- **Dataset records**:
--------
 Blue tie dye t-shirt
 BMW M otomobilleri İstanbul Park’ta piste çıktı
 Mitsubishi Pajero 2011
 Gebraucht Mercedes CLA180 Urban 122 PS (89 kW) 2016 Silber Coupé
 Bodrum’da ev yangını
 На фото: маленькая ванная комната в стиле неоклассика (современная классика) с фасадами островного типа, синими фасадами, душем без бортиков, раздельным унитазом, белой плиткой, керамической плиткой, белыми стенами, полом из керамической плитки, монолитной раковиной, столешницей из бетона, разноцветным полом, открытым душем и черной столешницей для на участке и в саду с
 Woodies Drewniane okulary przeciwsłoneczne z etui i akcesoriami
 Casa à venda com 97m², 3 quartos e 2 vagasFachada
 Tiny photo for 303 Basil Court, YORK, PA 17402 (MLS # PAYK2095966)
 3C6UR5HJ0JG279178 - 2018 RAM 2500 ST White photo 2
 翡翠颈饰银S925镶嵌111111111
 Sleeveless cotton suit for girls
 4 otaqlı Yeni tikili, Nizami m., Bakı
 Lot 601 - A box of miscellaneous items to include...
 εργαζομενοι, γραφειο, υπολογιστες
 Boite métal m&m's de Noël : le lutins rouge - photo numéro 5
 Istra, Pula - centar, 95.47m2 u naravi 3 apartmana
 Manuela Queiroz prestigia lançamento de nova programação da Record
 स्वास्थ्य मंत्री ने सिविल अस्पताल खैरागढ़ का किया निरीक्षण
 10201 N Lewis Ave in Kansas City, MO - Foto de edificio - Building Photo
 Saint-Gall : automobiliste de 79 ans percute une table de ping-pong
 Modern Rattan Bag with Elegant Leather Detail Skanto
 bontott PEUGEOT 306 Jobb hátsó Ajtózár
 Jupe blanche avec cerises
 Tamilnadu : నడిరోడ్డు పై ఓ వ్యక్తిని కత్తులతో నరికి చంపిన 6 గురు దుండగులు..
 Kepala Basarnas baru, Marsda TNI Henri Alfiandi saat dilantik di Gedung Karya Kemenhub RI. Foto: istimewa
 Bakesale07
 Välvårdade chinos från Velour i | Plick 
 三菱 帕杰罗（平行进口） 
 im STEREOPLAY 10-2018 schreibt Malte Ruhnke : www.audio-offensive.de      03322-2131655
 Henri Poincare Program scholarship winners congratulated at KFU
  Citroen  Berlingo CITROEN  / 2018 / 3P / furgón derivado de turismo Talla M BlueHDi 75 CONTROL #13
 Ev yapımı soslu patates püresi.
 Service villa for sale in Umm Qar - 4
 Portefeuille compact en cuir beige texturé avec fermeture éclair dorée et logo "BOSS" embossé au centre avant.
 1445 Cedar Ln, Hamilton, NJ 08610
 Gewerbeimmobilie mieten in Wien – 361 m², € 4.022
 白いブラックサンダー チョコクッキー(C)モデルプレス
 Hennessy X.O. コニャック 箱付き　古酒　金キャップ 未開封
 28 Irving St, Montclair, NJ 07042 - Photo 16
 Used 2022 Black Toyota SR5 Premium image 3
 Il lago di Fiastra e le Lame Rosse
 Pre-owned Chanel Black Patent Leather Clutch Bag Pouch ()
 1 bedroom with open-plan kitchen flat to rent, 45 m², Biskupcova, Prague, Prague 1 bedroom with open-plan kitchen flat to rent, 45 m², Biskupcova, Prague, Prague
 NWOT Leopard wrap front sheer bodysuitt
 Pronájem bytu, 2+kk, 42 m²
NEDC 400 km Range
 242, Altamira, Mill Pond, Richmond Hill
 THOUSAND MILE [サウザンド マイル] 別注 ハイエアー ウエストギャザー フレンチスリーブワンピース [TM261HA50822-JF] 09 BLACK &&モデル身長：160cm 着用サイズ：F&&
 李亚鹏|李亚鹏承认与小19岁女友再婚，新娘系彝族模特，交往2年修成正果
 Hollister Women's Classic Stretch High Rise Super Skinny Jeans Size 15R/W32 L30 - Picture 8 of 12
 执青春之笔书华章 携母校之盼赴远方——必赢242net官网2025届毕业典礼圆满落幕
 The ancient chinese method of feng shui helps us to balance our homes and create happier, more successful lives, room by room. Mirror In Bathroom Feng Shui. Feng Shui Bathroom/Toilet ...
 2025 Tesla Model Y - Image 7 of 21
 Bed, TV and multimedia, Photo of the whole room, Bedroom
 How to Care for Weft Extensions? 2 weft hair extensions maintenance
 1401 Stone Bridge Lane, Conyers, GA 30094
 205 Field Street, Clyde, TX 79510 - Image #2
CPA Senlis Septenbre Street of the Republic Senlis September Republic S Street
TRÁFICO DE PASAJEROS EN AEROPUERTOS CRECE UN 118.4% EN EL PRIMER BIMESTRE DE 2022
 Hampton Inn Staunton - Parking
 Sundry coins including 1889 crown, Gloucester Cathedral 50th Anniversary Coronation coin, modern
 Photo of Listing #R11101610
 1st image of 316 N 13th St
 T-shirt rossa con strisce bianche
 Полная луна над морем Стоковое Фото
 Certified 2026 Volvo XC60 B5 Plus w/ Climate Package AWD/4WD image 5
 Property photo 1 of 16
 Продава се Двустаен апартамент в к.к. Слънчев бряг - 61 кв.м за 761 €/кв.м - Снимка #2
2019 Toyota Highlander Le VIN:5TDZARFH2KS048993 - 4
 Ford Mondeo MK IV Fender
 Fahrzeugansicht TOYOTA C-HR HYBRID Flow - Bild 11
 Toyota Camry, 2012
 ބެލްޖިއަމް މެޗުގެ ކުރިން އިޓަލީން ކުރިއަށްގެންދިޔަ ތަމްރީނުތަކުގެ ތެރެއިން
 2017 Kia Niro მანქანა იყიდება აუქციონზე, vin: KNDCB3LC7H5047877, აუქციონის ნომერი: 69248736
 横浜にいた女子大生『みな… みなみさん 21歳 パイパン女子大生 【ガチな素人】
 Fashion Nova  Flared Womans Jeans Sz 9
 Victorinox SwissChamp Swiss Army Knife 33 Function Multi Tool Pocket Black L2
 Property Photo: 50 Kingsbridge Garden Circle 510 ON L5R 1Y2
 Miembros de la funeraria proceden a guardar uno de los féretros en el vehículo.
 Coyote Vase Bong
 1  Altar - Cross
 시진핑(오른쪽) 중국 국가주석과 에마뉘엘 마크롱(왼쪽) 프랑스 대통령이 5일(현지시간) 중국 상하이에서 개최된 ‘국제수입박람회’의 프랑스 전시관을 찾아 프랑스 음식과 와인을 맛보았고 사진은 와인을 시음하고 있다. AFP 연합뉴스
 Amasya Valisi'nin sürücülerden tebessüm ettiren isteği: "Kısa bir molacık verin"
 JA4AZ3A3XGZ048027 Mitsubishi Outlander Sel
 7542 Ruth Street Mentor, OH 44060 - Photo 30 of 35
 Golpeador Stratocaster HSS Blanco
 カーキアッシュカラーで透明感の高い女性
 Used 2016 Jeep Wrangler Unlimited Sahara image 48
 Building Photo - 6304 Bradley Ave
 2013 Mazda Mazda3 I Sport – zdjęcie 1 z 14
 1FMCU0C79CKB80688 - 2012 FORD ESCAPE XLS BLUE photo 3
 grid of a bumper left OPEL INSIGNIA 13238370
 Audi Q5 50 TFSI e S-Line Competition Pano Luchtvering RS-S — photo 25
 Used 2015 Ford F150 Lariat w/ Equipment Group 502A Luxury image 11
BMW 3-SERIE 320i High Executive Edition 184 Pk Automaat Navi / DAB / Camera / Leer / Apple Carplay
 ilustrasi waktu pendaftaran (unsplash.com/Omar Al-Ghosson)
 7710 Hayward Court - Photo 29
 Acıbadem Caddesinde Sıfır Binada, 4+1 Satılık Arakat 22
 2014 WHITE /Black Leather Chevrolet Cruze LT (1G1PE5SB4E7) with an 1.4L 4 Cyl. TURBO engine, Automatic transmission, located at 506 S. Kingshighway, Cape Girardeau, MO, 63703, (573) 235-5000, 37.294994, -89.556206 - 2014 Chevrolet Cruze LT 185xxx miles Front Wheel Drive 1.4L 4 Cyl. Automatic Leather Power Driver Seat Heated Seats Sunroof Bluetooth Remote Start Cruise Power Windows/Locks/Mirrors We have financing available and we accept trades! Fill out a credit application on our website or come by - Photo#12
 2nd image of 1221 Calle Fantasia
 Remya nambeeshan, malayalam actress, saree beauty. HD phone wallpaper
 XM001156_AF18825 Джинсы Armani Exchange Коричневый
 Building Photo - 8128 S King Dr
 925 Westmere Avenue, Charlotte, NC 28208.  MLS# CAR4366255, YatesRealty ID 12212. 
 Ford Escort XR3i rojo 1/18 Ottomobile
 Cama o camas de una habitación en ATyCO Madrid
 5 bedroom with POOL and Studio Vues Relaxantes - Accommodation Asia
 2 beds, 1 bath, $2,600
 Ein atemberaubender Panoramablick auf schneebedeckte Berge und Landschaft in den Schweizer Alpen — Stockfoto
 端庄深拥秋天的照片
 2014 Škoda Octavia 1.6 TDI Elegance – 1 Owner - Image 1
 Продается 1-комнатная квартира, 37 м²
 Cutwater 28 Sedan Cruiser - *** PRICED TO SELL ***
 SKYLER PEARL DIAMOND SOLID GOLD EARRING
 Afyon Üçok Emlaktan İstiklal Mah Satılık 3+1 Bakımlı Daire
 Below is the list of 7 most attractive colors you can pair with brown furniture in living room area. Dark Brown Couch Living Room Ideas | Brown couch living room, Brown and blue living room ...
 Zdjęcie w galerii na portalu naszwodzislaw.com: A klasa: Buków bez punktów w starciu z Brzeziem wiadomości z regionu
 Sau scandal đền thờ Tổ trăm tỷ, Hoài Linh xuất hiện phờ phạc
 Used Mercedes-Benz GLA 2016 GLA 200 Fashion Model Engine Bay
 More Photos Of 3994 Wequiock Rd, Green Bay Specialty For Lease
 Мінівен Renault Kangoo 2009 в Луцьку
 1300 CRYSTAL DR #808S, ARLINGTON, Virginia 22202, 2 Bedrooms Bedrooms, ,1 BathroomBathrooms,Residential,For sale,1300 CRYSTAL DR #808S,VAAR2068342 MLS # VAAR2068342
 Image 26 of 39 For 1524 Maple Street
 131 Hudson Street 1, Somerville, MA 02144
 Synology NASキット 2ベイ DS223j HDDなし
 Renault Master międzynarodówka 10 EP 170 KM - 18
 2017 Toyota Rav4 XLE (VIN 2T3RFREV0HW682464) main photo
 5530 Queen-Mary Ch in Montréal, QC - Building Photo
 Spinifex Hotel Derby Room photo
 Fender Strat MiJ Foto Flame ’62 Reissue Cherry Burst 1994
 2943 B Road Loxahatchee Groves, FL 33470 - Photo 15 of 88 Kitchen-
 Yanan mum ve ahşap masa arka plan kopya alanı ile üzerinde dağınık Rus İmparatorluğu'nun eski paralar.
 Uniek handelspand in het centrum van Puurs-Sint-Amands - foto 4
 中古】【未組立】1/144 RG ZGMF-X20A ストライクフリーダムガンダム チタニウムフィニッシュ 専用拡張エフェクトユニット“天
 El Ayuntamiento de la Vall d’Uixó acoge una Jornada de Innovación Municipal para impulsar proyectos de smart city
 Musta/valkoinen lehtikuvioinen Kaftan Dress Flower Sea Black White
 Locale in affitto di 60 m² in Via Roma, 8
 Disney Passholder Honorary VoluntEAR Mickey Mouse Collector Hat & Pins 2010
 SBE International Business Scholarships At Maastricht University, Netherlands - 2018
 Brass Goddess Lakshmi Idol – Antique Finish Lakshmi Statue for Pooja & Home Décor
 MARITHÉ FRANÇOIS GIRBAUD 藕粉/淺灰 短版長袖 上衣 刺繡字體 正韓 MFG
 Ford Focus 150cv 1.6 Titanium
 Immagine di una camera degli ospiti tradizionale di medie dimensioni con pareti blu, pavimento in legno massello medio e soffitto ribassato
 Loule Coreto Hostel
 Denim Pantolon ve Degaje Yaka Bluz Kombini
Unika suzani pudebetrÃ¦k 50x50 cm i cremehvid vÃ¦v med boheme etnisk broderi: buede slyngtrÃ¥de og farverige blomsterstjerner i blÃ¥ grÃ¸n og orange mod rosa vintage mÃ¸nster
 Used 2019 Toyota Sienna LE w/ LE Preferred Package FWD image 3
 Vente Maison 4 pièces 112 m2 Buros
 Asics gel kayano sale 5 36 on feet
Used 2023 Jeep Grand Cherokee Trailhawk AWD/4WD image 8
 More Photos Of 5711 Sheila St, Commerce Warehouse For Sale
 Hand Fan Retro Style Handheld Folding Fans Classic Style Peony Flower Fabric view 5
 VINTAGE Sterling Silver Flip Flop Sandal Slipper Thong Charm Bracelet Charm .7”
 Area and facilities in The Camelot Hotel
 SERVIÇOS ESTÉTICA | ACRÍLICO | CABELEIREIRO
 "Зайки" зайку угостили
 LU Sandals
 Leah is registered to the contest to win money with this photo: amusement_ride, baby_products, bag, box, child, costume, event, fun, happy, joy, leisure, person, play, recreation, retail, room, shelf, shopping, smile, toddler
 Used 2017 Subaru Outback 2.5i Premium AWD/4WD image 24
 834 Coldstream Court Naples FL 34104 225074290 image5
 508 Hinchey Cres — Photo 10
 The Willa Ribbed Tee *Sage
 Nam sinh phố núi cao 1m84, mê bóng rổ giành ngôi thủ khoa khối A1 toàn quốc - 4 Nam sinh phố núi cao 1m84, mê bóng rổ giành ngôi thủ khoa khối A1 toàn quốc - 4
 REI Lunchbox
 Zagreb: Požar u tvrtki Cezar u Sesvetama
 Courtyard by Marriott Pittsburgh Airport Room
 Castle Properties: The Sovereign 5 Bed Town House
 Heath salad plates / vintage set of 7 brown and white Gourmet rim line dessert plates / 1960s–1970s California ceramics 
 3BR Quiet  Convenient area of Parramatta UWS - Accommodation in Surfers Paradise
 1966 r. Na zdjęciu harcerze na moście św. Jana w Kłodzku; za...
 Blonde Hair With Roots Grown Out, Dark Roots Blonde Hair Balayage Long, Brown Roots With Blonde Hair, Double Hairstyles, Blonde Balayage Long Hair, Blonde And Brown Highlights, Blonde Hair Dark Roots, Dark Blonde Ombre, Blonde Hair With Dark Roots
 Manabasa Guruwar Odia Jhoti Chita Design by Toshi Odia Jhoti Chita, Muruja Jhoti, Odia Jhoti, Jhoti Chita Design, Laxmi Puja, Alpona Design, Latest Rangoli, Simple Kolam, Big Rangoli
--------
- **Work instruction**:
Your reply is to repeat, unchanged, the lines above running from the one with "NWOT Leopard wrap front sheer bodysuitt" up to and including the one with "CPA Senlis Septenbre".

- **Reply**:
 NWOT Leopard wrap front sheer bodysuitt
 Pronájem bytu, 2+kk, 42 m²
NEDC 400 km Range
 242, Altamira, Mill Pond, Richmond Hill
 THOUSAND MILE [サウザンド マイル] 別注 ハイエアー ウエストギャザー フレンチスリーブワンピース [TM261HA50822-JF] 09 BLACK &&モデル身長：160cm 着用サイズ：F&&
 李亚鹏|李亚鹏承认与小19岁女友再婚，新娘系彝族模特，交往2年修成正果
 Hollister Women's Classic Stretch High Rise Super Skinny Jeans Size 15R/W32 L30 - Picture 8 of 12
 执青春之笔书华章 携母校之盼赴远方——必赢242net官网2025届毕业典礼圆满落幕
 The ancient chinese method of feng shui helps us to balance our homes and create happier, more successful lives, room by room. Mirror In Bathroom Feng Shui. Feng Shui Bathroom/Toilet ...
 2025 Tesla Model Y - Image 7 of 21
 Bed, TV and multimedia, Photo of the whole room, Bedroom
 How to Care for Weft Extensions? 2 weft hair extensions maintenance
 1401 Stone Bridge Lane, Conyers, GA 30094
 205 Field Street, Clyde, TX 79510 - Image #2
CPA Senlis Septenbre Street of the Republic Senlis September Republic S Street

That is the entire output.